Thursday, July 31, 2008

Jython, It ain't no JRuby

All of my recent excursions into Python convinced me it was time to try out Jython. I have had a great experiences with JRuby. It is definitely faster than CRuby for long running processes (obviously slower for short scripts, because of the JVM startup overhead.) In my experiences, which range from doing mathematical algorithms to web applications using Rails, there is extremely good interoperability. I have had no code blow up in JRuby that ran fine in CRuby. Even IDE support has been on par. So my expectations were high for Jython.

Maybe that was the first problem, unrealistic expectations. Let's not jump into the shortcomings, just yet. First off, Jython installation is nice. Well nice as in "there is a gui." The installer only seemed to copy files into the installation directory, nothing more. That is fine, but makes me wonder I bothered with an installer at all. I at least expected into put the jython executable on my path, but it did not. No big deal.

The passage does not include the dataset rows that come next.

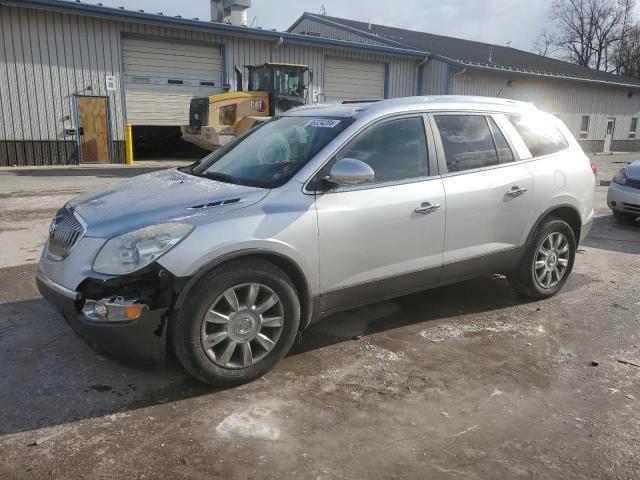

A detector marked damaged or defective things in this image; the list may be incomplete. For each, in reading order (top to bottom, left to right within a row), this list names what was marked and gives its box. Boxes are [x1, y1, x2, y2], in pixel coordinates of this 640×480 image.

damaged front bumper [35, 268, 168, 370]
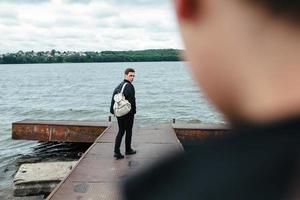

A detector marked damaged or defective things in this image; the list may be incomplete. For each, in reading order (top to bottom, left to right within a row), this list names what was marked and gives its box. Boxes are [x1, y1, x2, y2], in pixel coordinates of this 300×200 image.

rusty metal beam [12, 119, 111, 143]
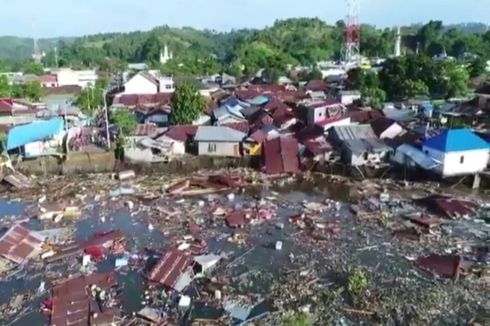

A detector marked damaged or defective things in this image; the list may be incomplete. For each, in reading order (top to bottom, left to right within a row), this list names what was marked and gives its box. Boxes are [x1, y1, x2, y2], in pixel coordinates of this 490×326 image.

rusty roof [264, 136, 298, 174]
rusty roof [0, 223, 44, 264]
rusty roof [148, 250, 194, 290]
rusty roof [50, 272, 118, 326]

Running a script is painless. It was odd to see a lot of activity the first time I ran a script, but the messaging (or should I say logging) was good enough to give me a good idea about what was going on and it only happens once. It also seemed like Jython was going out of its way to help performance, and JRuby had caused me to expect a nice performance boost from Jython.

So I tried out a script I wrote to solve a Project Euler problem, in particular Problem #43. The performance on Python is not that great, as it takes about 58 seconds to solve on my Macbook. Here is the code. It has been slightly optimized by Gilly.

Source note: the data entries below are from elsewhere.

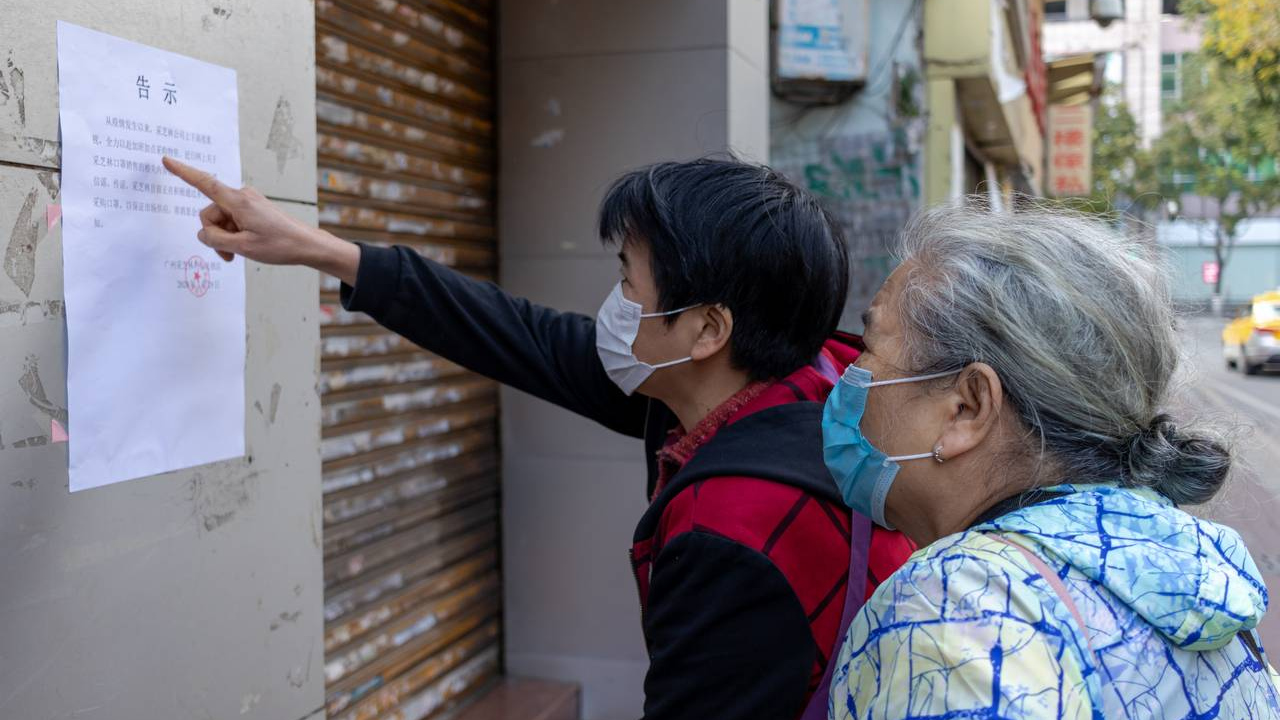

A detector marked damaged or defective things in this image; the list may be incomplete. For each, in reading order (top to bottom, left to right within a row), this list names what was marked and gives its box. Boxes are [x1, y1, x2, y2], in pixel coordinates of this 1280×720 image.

rusty shutter door [314, 2, 499, 712]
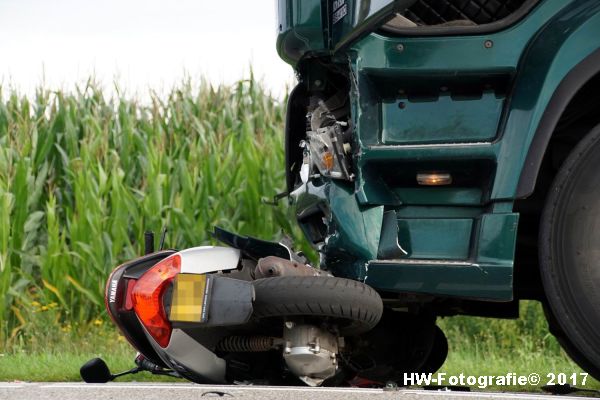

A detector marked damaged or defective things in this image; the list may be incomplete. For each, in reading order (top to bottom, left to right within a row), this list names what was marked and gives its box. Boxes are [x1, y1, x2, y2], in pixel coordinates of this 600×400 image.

damaged green truck [278, 0, 600, 380]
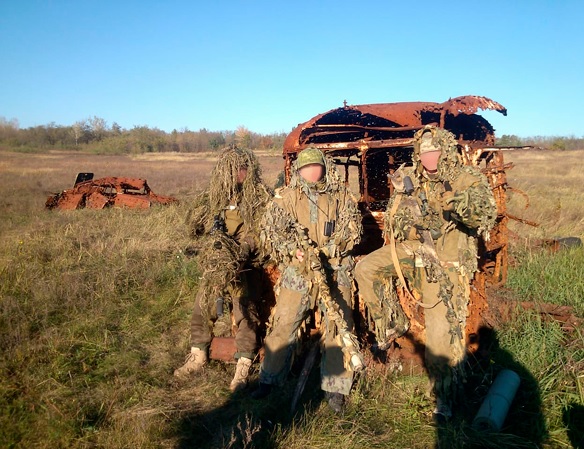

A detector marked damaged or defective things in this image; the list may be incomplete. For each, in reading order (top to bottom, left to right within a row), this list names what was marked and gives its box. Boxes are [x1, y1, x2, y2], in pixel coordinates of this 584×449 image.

rusted metal body [45, 174, 177, 211]
burned out vehicle [46, 173, 176, 212]
rusty bus wreck [46, 174, 176, 211]
peeling rust surface [45, 175, 178, 210]
rusted car hulk in field [45, 174, 178, 211]
rusted metal body [280, 95, 508, 364]
rusted car hulk in field [282, 94, 512, 360]
burned out vehicle [282, 94, 512, 360]
rusty bus wreck [282, 94, 512, 364]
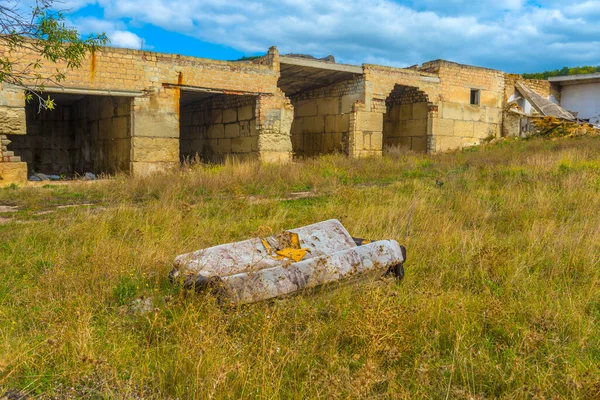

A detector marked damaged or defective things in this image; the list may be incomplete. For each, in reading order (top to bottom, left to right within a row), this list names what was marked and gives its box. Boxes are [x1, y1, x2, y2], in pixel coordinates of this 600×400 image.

broken roof [512, 81, 576, 119]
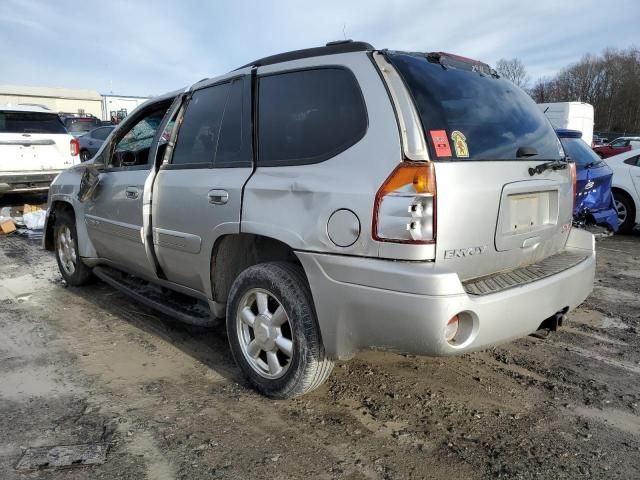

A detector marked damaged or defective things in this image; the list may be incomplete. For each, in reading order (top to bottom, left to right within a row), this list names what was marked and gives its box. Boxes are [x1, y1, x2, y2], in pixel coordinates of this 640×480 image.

blue damaged car [556, 127, 616, 232]
damaged rear bumper [298, 229, 596, 360]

def combinations(items, n):
if n == 0:
yield []
else:
i = 0
l = len(items)
while i < l:
for combo in combinations(items[:i] + items[i+1:], n-1):
yield [items[i]] + combo
i += 1

def permutations(items):
return combinations(items, len(items))

def to_int(seq):
return reduce(lambda x,y: 10*x + y, seq, 0)

def main():
primes = [2, 3, 5, 7, 11, 13, 17]
digits = range(0, 10)
sum = 0
for p in permutations(digits):
if p[5] == 5 and p[0] != 0:
j = 0
trait = True
while trait:
if j == 7:
y = to_int(p)
sum += y
print y
break
x = 100*p[j+1] + 10*p[j+2] + p[j+3]
trait = not x % primes[j]
j += 1
print "sum = " + str(sum)

if __name__ == '__main__':
main()

Lots of brute force, with a little bit of clever use of Python features. I was ready to crank this up with Jython, but when I tried to run it, I got this error message:

Traceback (innermost last):
(no code object) at line 0
File "euler43.py", line 5
yield []
^
SyntaxError: invalid syntax

Ouch. This actually made me feel stupid. I should have noticed that the current version of Jython is numbered 2.2.1 and that this obviously corresponds to Python 2.2.1 (that is obvious, right?) I had used a Python feature that did not exist in 2.2.1. Luckily there is an alpha version of Jython that is numbered 2.5. What about 2.3 or 2.4, you say? Uhh...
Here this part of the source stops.